### TASK REQUIREMENTS
Begin your copy at the line that holds "2023. aasta uued" and carry it through the final line of the data, writing out each line exactly and omitting pictures.
::: SOURCE MATERIAL
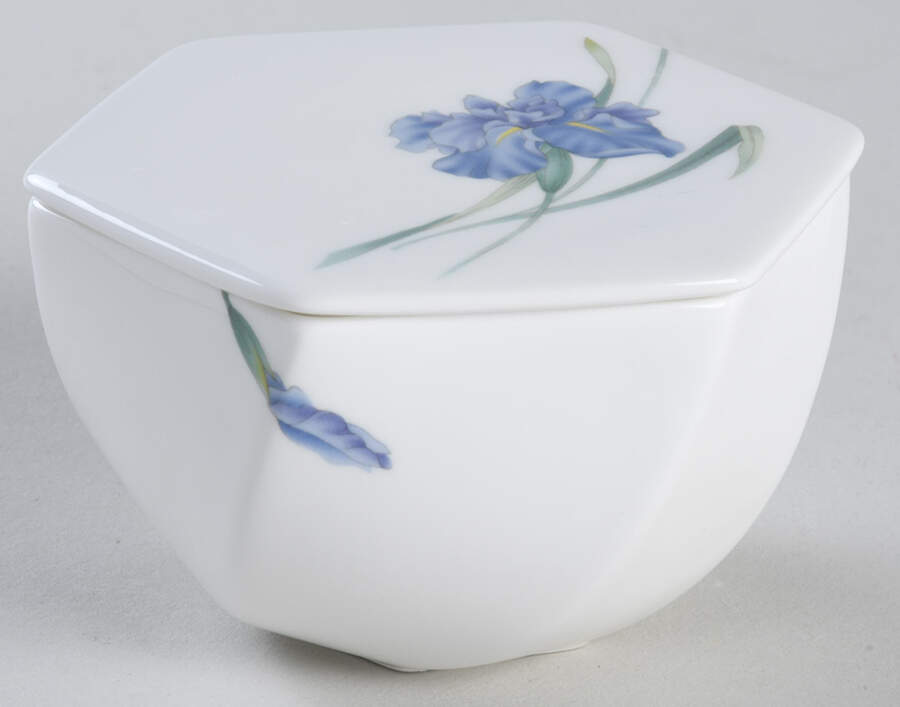 Iris Hexagonal Box & Lid by Christopher Stuart-1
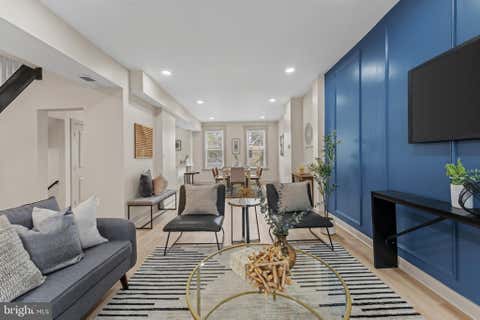 Townhouse For Sale - 1909 Ruxton Avenue<br/> BALTIMORE, MD 21216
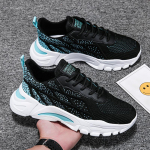 2023. aasta uued kevadised lendavad riidest jooksuv&otilde;rkjalatsid Meeste kingad Mood hingavad vabaajajalatsid Spordijalatsid Daddy Tide kingad 39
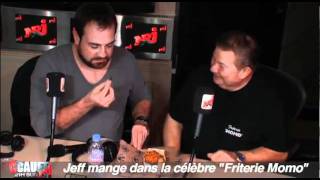 Jeff mange la friterie de MOMO  sur NRJ cauetofficiel [upl. by Eilatan]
::::::
### RESPONSE BELOW
 2023. aasta uued kevadised lendavad riidest jooksuv&otilde;rkjalatsid Meeste kingad Mood hingavad vabaajajalatsid Spordijalatsid Daddy Tide kingad 39
 Jeff mange la friterie de MOMO  sur NRJ cauetofficiel [upl. by Eilatan]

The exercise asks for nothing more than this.